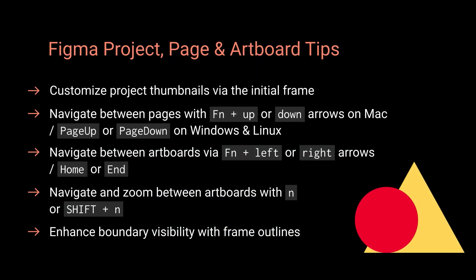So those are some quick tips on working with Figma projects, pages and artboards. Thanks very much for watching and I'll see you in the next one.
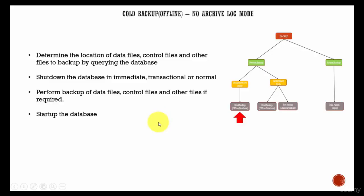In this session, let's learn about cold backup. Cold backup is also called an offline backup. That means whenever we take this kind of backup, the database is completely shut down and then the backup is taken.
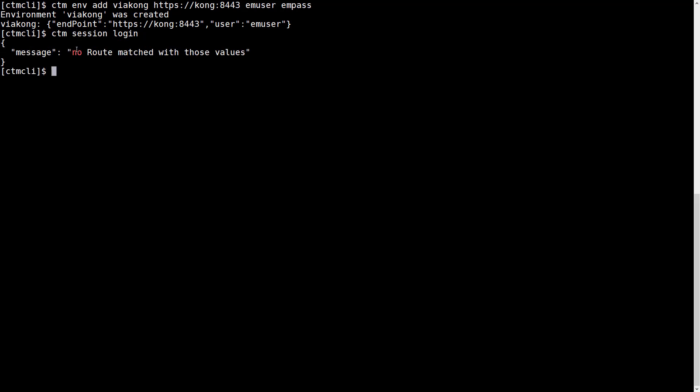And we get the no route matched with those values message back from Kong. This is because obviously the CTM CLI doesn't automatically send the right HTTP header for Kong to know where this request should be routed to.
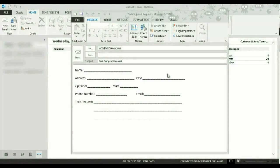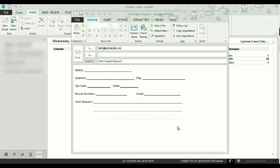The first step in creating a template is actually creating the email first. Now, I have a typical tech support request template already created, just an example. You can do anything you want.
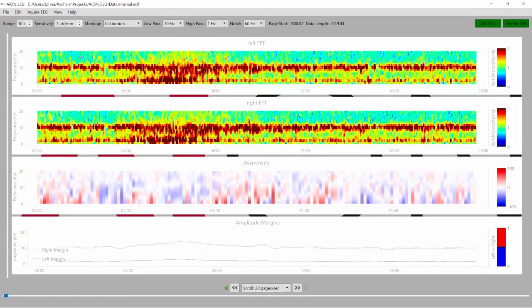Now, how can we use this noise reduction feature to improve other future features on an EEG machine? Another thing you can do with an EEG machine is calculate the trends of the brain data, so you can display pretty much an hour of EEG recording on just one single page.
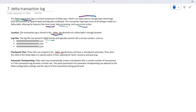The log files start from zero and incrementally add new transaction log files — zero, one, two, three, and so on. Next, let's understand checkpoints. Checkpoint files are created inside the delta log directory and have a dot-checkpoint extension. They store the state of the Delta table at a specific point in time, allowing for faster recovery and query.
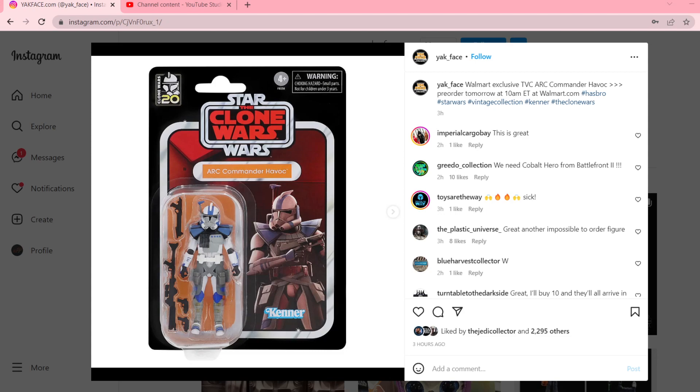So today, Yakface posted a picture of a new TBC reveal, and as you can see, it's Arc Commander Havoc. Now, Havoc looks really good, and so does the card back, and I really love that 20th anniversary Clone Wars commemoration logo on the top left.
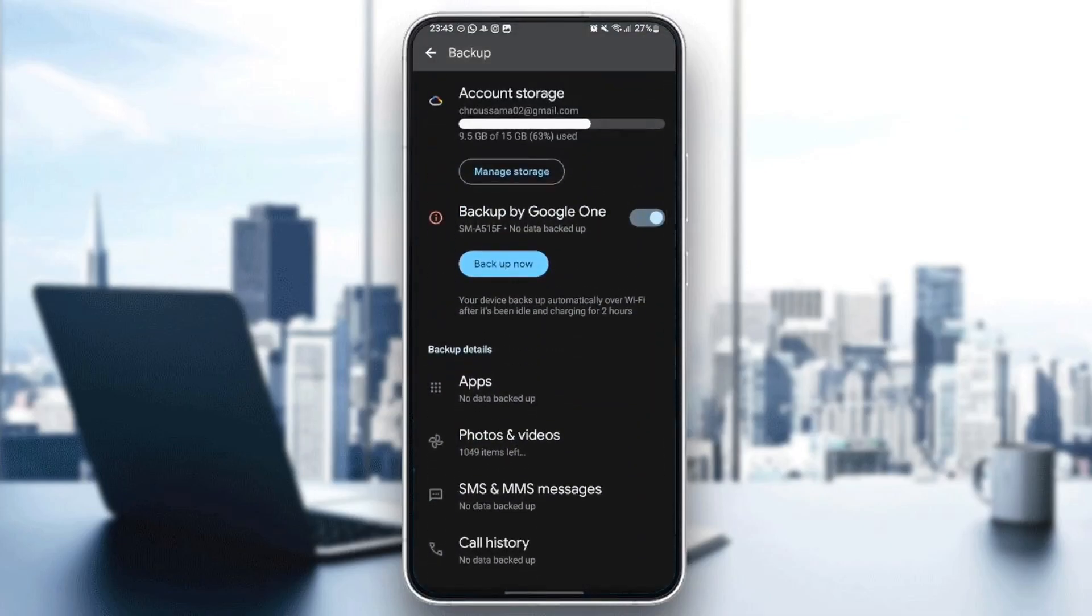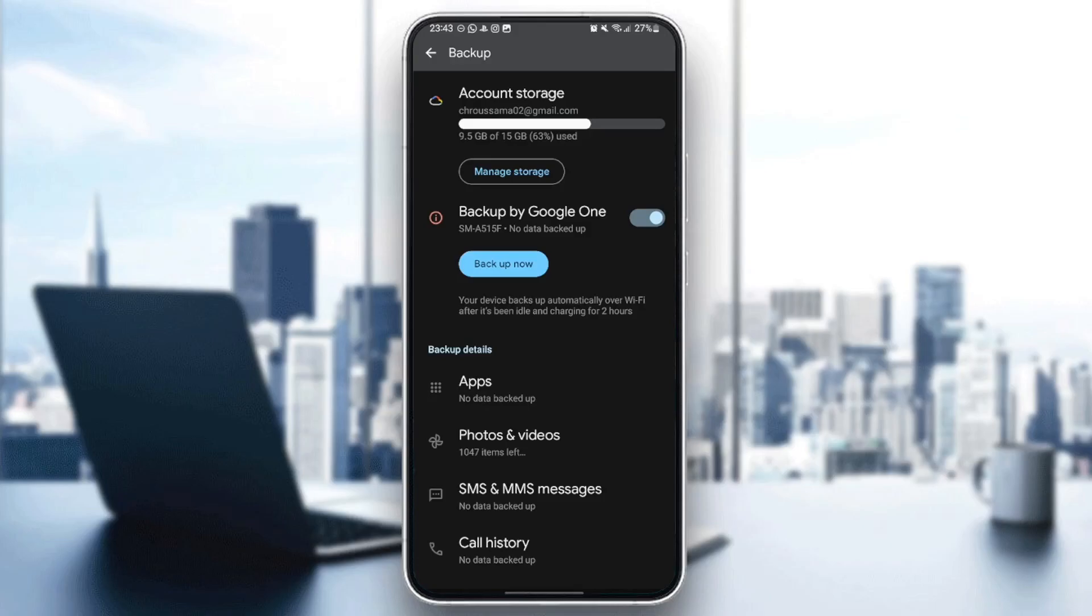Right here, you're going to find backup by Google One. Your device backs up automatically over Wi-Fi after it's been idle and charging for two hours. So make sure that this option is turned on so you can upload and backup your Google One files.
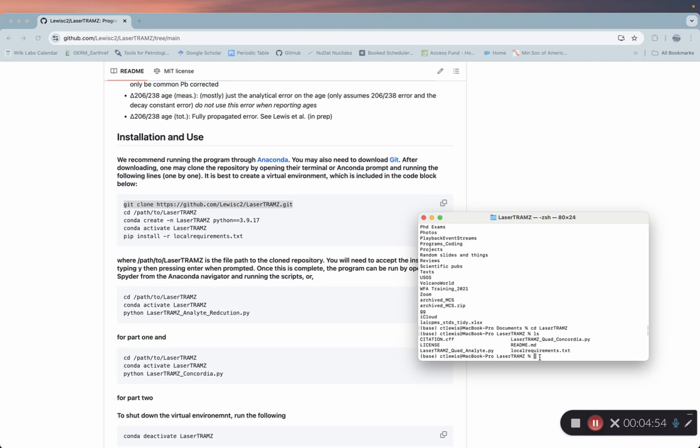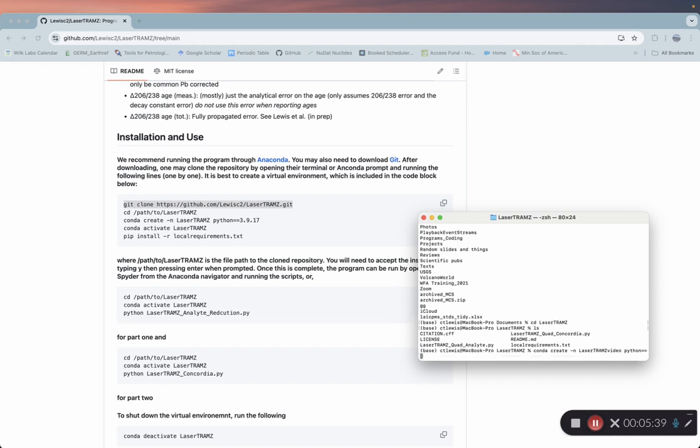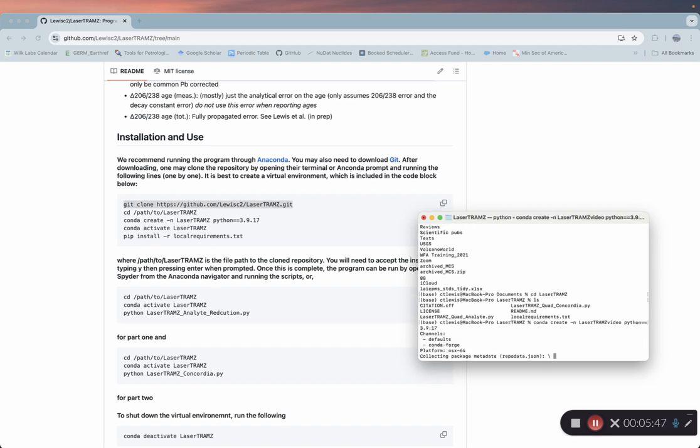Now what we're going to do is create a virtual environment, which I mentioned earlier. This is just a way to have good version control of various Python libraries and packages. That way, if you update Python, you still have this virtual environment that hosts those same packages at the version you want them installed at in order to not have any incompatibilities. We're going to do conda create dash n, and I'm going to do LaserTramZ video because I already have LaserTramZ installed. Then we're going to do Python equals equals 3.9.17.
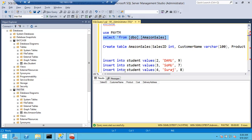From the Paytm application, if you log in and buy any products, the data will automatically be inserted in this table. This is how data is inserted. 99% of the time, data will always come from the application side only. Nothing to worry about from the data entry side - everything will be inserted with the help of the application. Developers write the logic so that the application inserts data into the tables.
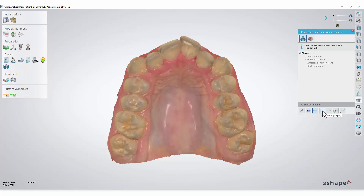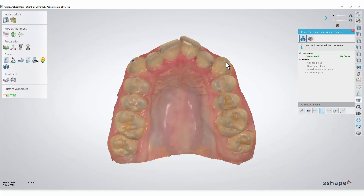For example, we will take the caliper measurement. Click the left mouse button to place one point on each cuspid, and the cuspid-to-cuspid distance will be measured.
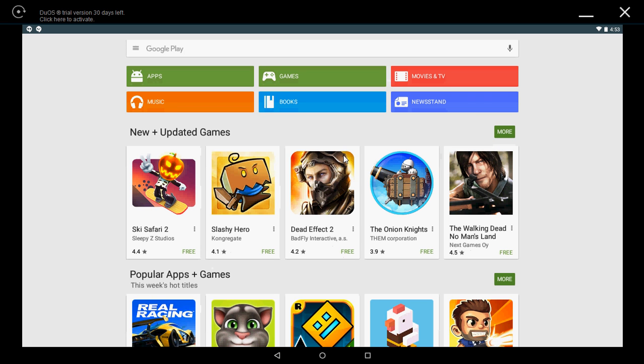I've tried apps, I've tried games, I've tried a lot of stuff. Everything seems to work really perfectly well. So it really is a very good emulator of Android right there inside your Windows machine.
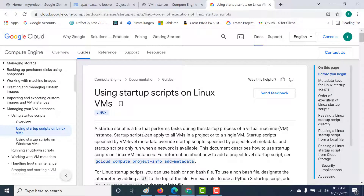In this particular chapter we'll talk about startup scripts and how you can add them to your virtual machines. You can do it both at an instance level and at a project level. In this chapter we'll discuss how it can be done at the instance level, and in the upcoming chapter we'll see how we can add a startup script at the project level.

■ ■ ■

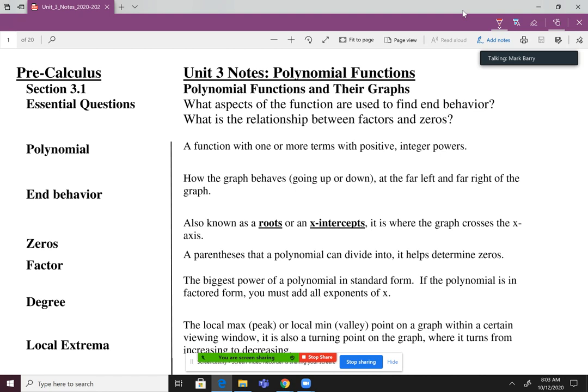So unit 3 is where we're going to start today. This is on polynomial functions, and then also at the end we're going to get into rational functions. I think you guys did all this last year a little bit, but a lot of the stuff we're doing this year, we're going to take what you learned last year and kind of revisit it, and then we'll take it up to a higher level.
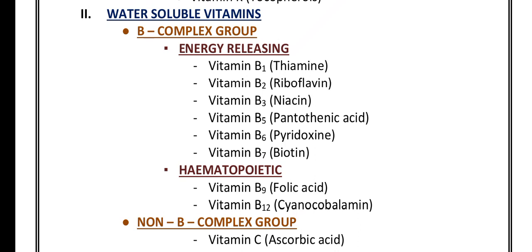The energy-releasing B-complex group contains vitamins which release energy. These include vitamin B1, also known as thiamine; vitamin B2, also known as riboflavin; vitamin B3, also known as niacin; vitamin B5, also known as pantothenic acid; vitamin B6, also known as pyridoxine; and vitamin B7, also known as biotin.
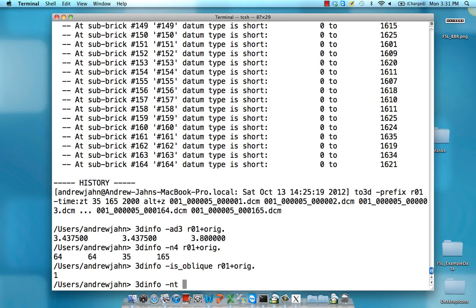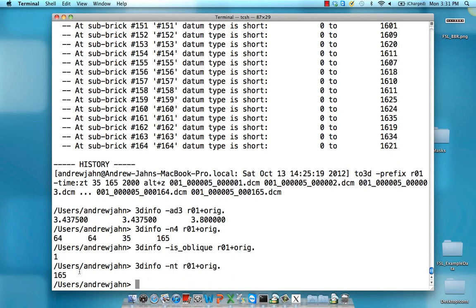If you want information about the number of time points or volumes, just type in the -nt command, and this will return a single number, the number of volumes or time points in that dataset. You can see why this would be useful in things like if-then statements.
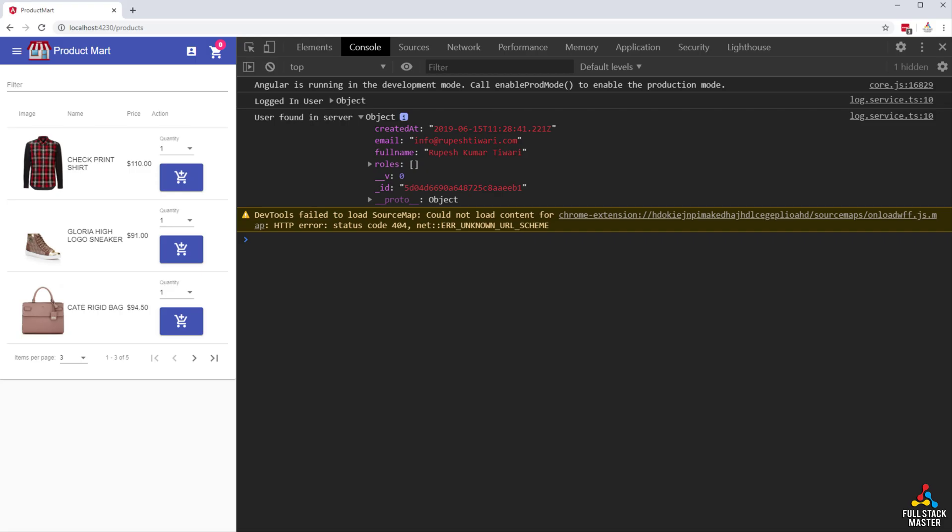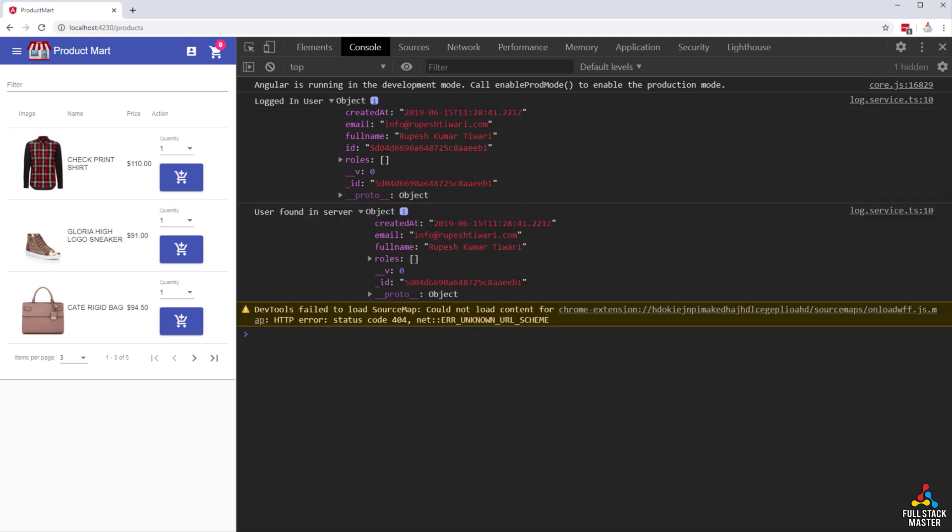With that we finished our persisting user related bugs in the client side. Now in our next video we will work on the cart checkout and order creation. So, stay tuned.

■ ■ ■

**How to complete this task**
Exercise for the records above: copy only the lines from the one with "From the Paytm" to the one with "In this particular", both ends kept, and drop the pictures.

**Problem solution**
From the Paytm application, if you log in and buy any products, the data will automatically be inserted in this table. This is how data is inserted. 99% of the time, data will always come from the application side only. Nothing to worry about from the data entry side - everything will be inserted with the help of the application. Developers write the logic so that the application inserts data into the tables.
For example, we will take the caliper measurement. Click the left mouse button to place one point on each cuspid, and the cuspid-to-cuspid distance will be measured.
I've tried apps, I've tried games, I've tried a lot of stuff. Everything seems to work really perfectly well. So it really is a very good emulator of Android right there inside your Windows machine.
In this particular chapter we'll talk about startup scripts and how you can add them to your virtual machines. You can do it both at an instance level and at a project level. In this chapter we'll discuss how it can be done at the instance level, and in the upcoming chapter we'll see how we can add a startup script at the project level.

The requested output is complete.